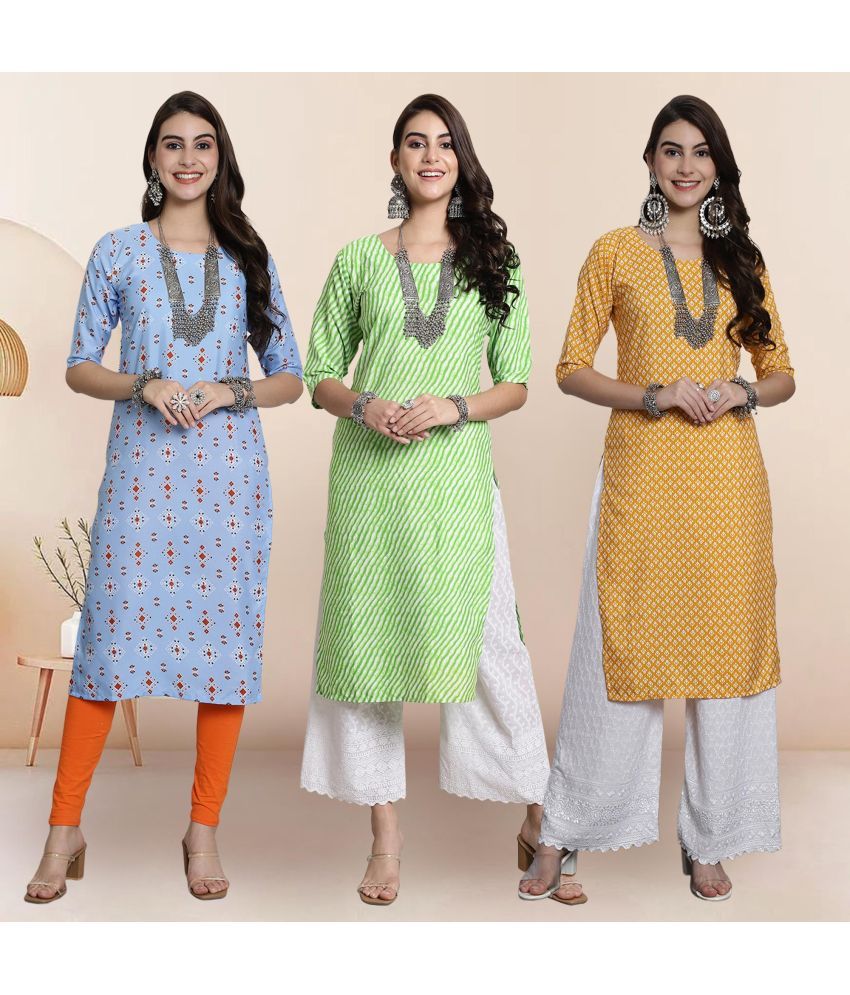     			1 Stop Fashion Pack of 3 Crepe Printed Straight Women's Kurti - ( Multicolor3 )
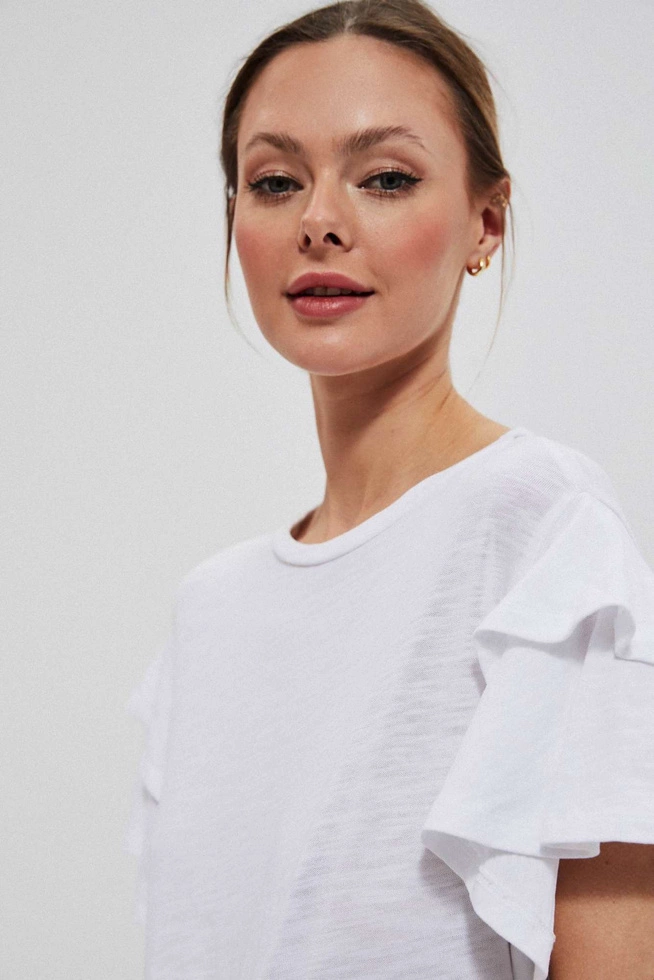 Bluzka z falbanami L-TS-3770 WHITE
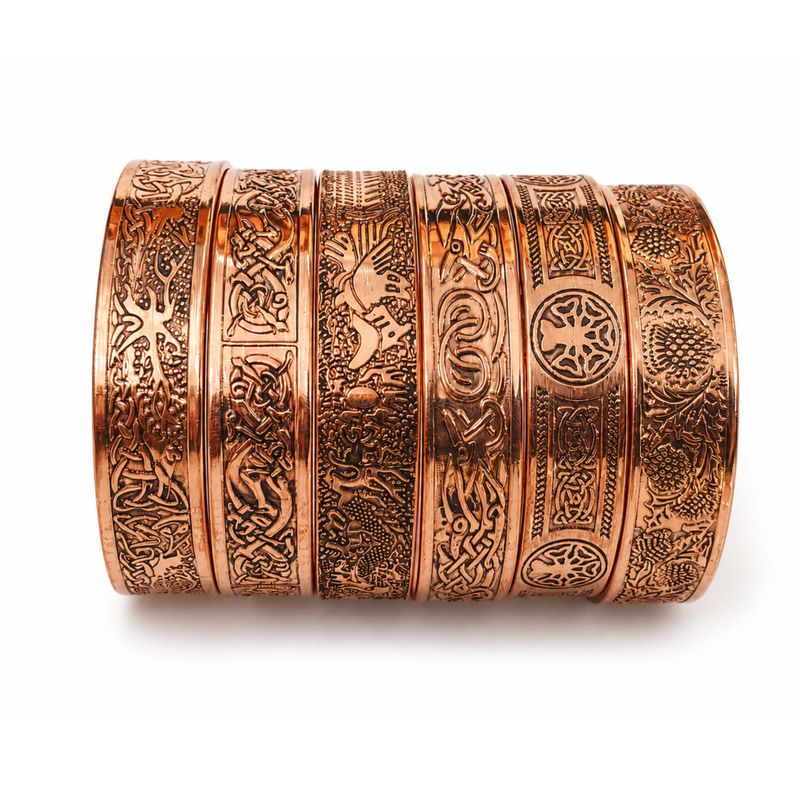 Solid Copper Bracelets Medieval Range with Affirmations Engravings (assorted)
- - - - -
_Exercise_: Retype all of the listing word for word and skip the pictures.

_Result of this task_:
     			1 Stop Fashion Pack of 3 Crepe Printed Straight Women's Kurti - ( Multicolor3 )
 Bluzka z falbanami L-TS-3770 WHITE
 Solid Copper Bracelets Medieval Range with Affirmations Engravings (assorted)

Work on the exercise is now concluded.